Distributing work#
DataFusion supports splitting work across processes by shipping
serialized expressions to workers: the driver builds an
Expr, each worker evaluates it against its
own slice of data. This pattern suits embarrassingly-parallel
workloads where the driver decides partitioning up front.
Query-level distribution — where the runtime partitions a single logical or physical plan across worker nodes — is in progress upstream via datafusion-distributed and Apache Ballista. Both have short sections at the end of this page; integration details will land as those projects become usable from datafusion-python.
Expression-level distribution#
DataFusion expressions support distribution directly: pass one to a
worker process and Python’s standard
pickle machinery
serializes it transparently — the same machinery
multiprocessing.pool.Pool.map(), Ray’s @ray.remote, and
similar libraries already use to ship function arguments.
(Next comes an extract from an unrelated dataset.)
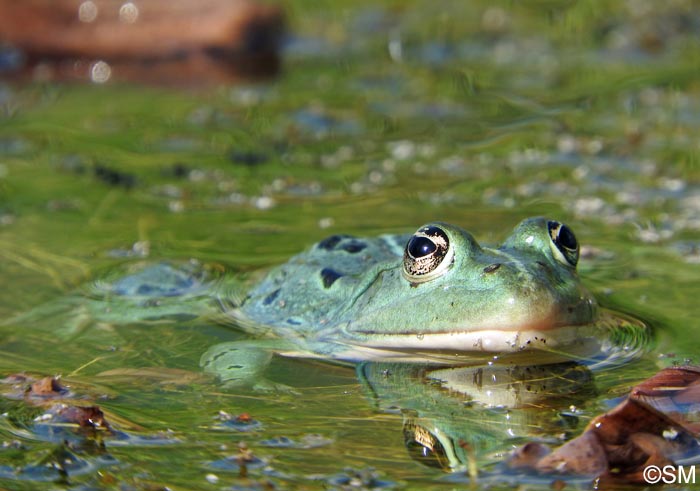 Pelophylax kl. esculentus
Python UDFs
— scalar, aggregate, and window — travel inside the serialized
expression; the receiver does not need to pre-register them.
Basic worker-pool example#
Define a worker function that takes the expression plus a batch and returns the evaluated result:
import pyarrow as pa
from datafusion import SessionContext
def evaluate(expr, batch):
# `expr` arrived here via the pool's automatic pickling —
# no manual serialization needed in user code.
ctx = SessionContext()
df = ctx.from_pydict({"a": batch})
return df.with_column("result", expr).select("result").to_pydict()["result"]
Then build the expression in the driver and fan it out:
import multiprocessing as mp
from datafusion import col, udf
double = udf(
lambda arr: pa.array([(v.as_py() or 0) * 2 for v in arr]),
[pa.int64()], pa.int64(), volatility="immutable", name="double",
)
expr = double(col("a"))
mp_ctx = mp.get_context("forkserver")
with mp_ctx.Pool(processes=4) as pool:
results = pool.starmap(
evaluate,
[(expr, [1, 2, 3]), (expr, [10, 20, 30])],
)
print(results) # [[2, 4, 6], [20, 40, 60]]
Note
When saved to a .py file and executed with the spawn or
forkserver start method, wrap the driver block in
if __name__ == "__main__": so worker processes can re-import
the module without re-running it. This is a standard Python
multiprocessing requirement, not DataFusion-specific —
see Safe importing of main module
in the Python docs.
What travels with the expression#
Built-in functions (
abs,length, arithmetic, comparisons, etc.) — fully portable. Worker needs nothing pre-registered.Python UDFs — travel inline (subject to the two portability requirements below). The callable, its signature, and any state captured in closures travel inside the serialized expression and are reconstructed on the worker automatically. Applies equally to:
scalar UDFs (
datafusion.udf())aggregate UDFs (
datafusion.udaf())window UDFs (
datafusion.udwf())
UDFs imported via the FFI capsule protocol — travel by name only. The worker must already have a matching registration on its
SessionContext. Without that registration, evaluation raises an error.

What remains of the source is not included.